[Patch] SO_REUSEPORT support from master process

Lu, Yingqi yingqi.lu at intel.com
Tue Sep 23 15:35:47 UTC 2014


I am wondering if there are any more feedback/comments/concerns?

Also, does the format look OK to all of you? 

Thanks,
Yingqi

-----Original Message-----
From: nginx-devel-bounces at nginx.org [mailto:nginx-devel-bounces at nginx.org] On Behalf Of Lu, Yingqi
Sent: Saturday, September 20, 2014 4:45 PM
To: nginx-devel at nginx.org
Subject: RE: [Patch] SO_REUSEPORT support from master process

Dear All,

I just sent the new patch directly from ToriseHg. Thanks again very much to Valentin Bartenev for his valuable feedback! The 2 changes from last version are:

1. We use "total CPU threads" instead of "active CPU threads" to calculate the number of duplicated listeners. 
2. We modify some of the code to meet the style requirements listed at http://nginx.org/en/docs/contributing_changes.html.

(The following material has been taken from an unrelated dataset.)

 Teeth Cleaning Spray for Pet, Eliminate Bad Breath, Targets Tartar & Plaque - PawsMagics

However, it is automatically named as "[PATCH] SO_REUSEPORT support from master process" instead of "[Patch] SO_REUSEPORT support from master process". Therefore, it does not show in this thread. The patch is available at a separate thread at http://forum.nginx.org/read.php?29,253446.

Can anyone help to move the patch to the main thread and delete the duplicated copies?

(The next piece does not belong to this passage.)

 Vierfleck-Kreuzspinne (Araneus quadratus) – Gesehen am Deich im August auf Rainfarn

By the way, if you use outlook and you see a small message on the top saying "We removed extra line breaks from this message", please click on it to "Restore line breaks". Otherwise, the code shown there is not complete. The patch is tested locally, but I am concerned about the format changes during the email delivery. Please let me know if you see wrong format or cannot apply the patch.

Thank you very much for your help!
Yingqi

-----Original Message-----
From: Lu, Yingqi 
Sent: Saturday, September 20, 2014 4:00 PM
To: nginx-devel at nginx.org
Subject: RE: [Patch] SO_REUSEPORT support from master process

Dear All,

After I sent out the patch, I noticed that the patch inserted in the email is actually with different format than the original one generated by TortoiseHg. What I did is just copying it and pasting in the email. Did I missed anything? I guess this is not the correct way to send the patch.

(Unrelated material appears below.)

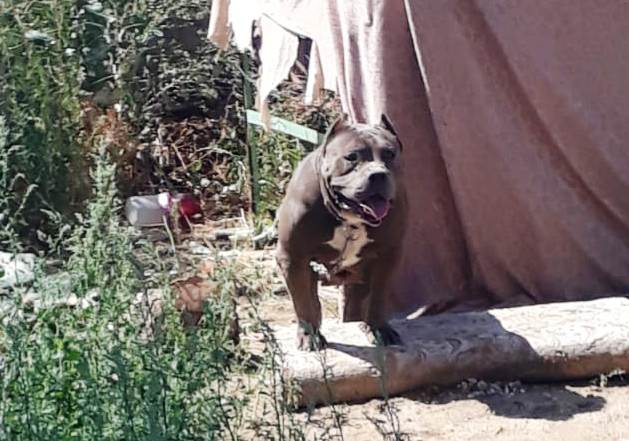 KAYITSIZ PİTBULL ALAN VE SATAN ŞAHISLARA 29.964 TL CEZA!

I will try to find a way to send directly from ToriseHg.

Thanks,
Yingqi

-----Original Message-----
From: nginx-devel-bounces at nginx.org [mailto:nginx-devel-bounces at nginx.org] On Behalf Of Lu, Yingqi
Sent: Saturday, September 20, 2014 3:23 PM
To: nginx-devel at nginx.org
Subject: RE: [Patch] SO_REUSEPORT support from master process

Dear All,

Here is another updated version of the patch. Thanks very much to Valentin Bartenev for his valuable feedback! Here are the changes in this version:

1. We use "total CPU threads" instead of "active CPU threads" to calculate the number of duplicated listeners. 
2. We modify some of the code to meet the style requirements listed at http://nginx.org/en/docs/contributing_changes.html.
 
The way we created the patch below is: we clone the code from http://hg.nginx.org/nginx, modified 4 files and then committed the changes. After that, we export the patch and attached here. Please let me know if there is anything missing here. This is the first time we prototype the patch for Nginx. Your comments and feedback are highly appreciated.

Thanks,
Yingqi

# HG changeset patch
# User Yingqi Lu <Yingqi.Lu at intel.com>
# Date 1411248953 25200
#      Sat Sep 20 14:35:53 2014 -0700
# Node ID 04abfbb10a7f5e4efd5187d1382a880483a79294
# Parent  43512a33e8f232fb6f256b90e76ac4f1472a0c1f
Added SO_REUSEPORT support.

It duplicates and configures certain number of listen sockets in the master process with SO_REUSEPORT enabled. All the worker processes can inherit them.
The number of the listen sockets to be duplicated is calculated based on the number of total CPU threads. With big system that has more CPU threads, more duplicated listen sockets created to improve the throughput and scalability.
With system that has only 8 or less CPU threads, there will be only 1 listen socket. Duplicated listen sockets are only being created when necessary. In case that SO_REUSEPORT is not supported by the OS, it falls back default behavior.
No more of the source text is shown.